Exercise brief:
From the records below, transcribe only the lines running from the one with "Hello everyone, I" through the one with "The crawler object". Keep both of those end lines.

Data records:
··········

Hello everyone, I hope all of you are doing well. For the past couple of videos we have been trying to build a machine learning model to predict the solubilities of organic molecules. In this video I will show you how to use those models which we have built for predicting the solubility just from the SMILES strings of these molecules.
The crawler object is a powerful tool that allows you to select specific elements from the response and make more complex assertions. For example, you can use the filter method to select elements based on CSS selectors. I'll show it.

··········

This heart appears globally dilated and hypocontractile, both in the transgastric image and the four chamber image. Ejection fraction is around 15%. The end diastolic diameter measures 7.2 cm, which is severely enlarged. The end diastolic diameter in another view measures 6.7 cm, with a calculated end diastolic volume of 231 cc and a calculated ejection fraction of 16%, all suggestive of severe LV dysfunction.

··········

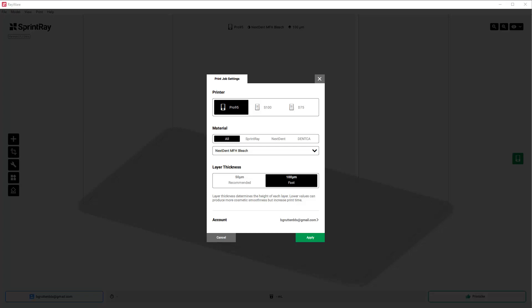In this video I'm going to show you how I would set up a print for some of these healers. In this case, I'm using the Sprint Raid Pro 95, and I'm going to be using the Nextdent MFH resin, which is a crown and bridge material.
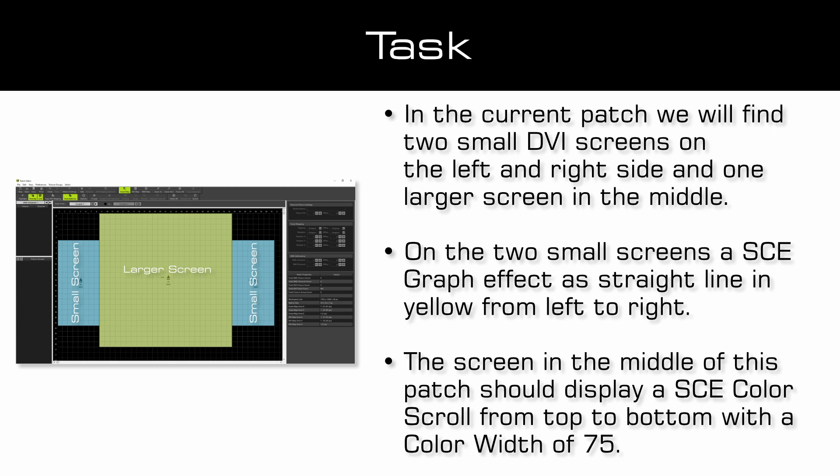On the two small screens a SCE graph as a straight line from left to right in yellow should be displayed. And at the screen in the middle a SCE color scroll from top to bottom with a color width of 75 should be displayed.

··········

Exercise result:
Hello everyone, I hope all of you are doing well. For the past couple of videos we have been trying to build a machine learning model to predict the solubilities of organic molecules. In this video I will show you how to use those models which we have built for predicting the solubility just from the SMILES strings of these molecules.
The crawler object is a powerful tool that allows you to select specific elements from the response and make more complex assertions. For example, you can use the filter method to select elements based on CSS selectors. I'll show it.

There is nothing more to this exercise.